Open your mind, Open your life!

A journey into my personal battle with breast cancer.

Monday, March 26, 2007

Cat Fight ... MEOW!

There seems to be a cat fight brewing on the message board of my online support group. Usually, everyone is very sweet and supportive ... people will chime in to answer questions or give words of encouragement ... basically, we lean on eachother. But as with any group, from time to time there are flare ups of emotions and people will express opinions that inadvertently (or not so inadvertently) hurt other people's feelings. I'm staying out of it.

To summarize, it all began with a post entitled "Sheryl Crow is pissing me off ... sorry, a vent." The author expressed her feelings with regard to Sheryl Crow's guest appearance on Larry King Live the other night to discuss (with several other guests) the recent news of Elizabeth Edwards' recurrence of cancer. Essentially, the poster felt it was inappropriate for Ms. Crow who "only had Stage 1" cancer (an early stage) to have any comment for a woman who is now dealing with an incurable Stage 4 cancer. She went on to state that it angers her that the media gives so much attention to Sheryl Crow as a spokesperson for breast cancer because "she gives women false hope that the bare minimum treatment is okay." The sentiment either was or was interpreted that because Ms. Crow had DCIS (ductal carcinoma in situ -- cancer which is confined to the milk ducts and has not spread), did not undergo chemotherapy, did not lose her hair or her breasts, and "only had a lumpectomy and radiation," she did not suffer as many others with breast cancer have.
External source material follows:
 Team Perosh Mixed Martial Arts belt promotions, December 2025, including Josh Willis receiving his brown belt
This generated a flood of angry responses from other women in the support group who were also diagnosed at early stages or earlier than others. One comment went like this: "I cannot know the demons you have faced, but you don't know the demons that others have faced. To imply that one struggle with bc is more noble, honorable, important, difficult, or significant, belittles every other one. A 'stageist' thinks you haven't really suffered if you aren't at their stage or higher. I guess there will always be some women who feel that way. Some will voice it and some will keep mum about it. And others just aren't like that at all and freely care about the struggles of all survivors no matter how early or late their disease was discovered." Another commented, " I 'only' had a lumpectomy, radiation, and take tamoxifen, too. I still have to deal with the fear of recurrance every day, and no one is going to tell me I am less of a 'survivor' because I did not go through chemo or a reconstruction."
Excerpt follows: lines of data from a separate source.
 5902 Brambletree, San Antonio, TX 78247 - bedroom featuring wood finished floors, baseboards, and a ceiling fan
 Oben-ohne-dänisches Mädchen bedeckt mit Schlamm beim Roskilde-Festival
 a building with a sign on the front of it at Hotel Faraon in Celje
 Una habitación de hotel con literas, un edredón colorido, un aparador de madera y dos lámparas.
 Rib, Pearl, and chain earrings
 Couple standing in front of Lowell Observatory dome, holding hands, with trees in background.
I think everyone is feeling rather on edge because Elizabeth Edwards reminds us that metastatic disease can happen to any one of us ... with absolutely no rhyme nor reason. We all have the same fear no matter the stage at which we may have initially been diagnosed. It's evident to me that even among the most supportive, cohesive groups ... like Breast Cancer Support groups ... lines are always being drawn ... consciously or unconsciously. Maybe it is human nature to do so? Part of our innate, fundamental darkness? Stage 0 vs. Stage 1 vs. Stage2 vs. Stage 3 vs. Stage 4 ... Mets to the lung beats Mets to the bone ... Mets to the liver beats Mets to the lung ... then, brain Mets trumps them all! The problem is when we start to assign "worthiness" to different sub-classes of this shared horrible experience. There's no such thing as having a little bit of cancer. It's like being a little pregnant!
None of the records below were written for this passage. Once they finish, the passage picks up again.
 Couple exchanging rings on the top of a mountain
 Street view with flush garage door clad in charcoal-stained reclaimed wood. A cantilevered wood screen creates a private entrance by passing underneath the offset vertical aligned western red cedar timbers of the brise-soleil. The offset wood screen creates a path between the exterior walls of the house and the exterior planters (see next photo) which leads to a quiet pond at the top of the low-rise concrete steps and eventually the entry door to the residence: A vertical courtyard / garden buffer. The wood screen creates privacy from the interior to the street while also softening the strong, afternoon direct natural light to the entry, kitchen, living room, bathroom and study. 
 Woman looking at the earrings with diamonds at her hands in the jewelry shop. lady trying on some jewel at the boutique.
Nevertheless, there is one woman in my group named Tammy Lou who always has just the right words, just the right quips, and just the right sense of humor. (Despite numerous failed attempts she has had at reconstructing her breasts -- reasons too complicated to explain here, she continues to maintain a positive and hopeful view of her circumstances.) Eventually, she mediated the entire argument and brought this cat fight to an end with the following response:

"We just met this past weekend and now I find myself wondering if you hate me because I didn't lose my hair like you did?" (quoting Michelle)

Yes, I hate you.

I hate you in the same way that I hate the "naturally skinny" women in the world who eat bowls and bowls of ice cream and never get fat.

In my imaginary mind, those women are not "real" people.

AND, I hate all of the women who had reconstruction and walked out of the O.R. with picture perfect breasts.

I do.

It's not a pretty thing.

It's grief and envy and all sorts of normal human emotions.

But, it isn't real.

And, I don't really hate them or you.

I'm just angry and upset and I say things that I don't really mean because it is easier than facing my own grief. Alone.

If I am "mad" at you for whatever reason, then I am not alone.

You are with me.

It is much easier that way...when I am not so alone.

Love,tl

P.S. A very wise woman once said, "Your mumps does not make my measles better."

Hypothetically.

1 Comments:

At 1:58 AM, Anonymous Anonymous said...

Ms Crow went through all this only weeks after her personal life totally crashed - her life as she knew it had just ended. She did not go through chemo or amputation, but there was the fear, pain and fatigue.
And the reason why she got asked for this program is because she's been so willing to speak out about the needs for funding and for early detection. If a few people get pissed off because their situation is much worse, maybe they should consider what the situation in general would be without people like Ms Crow speaking out.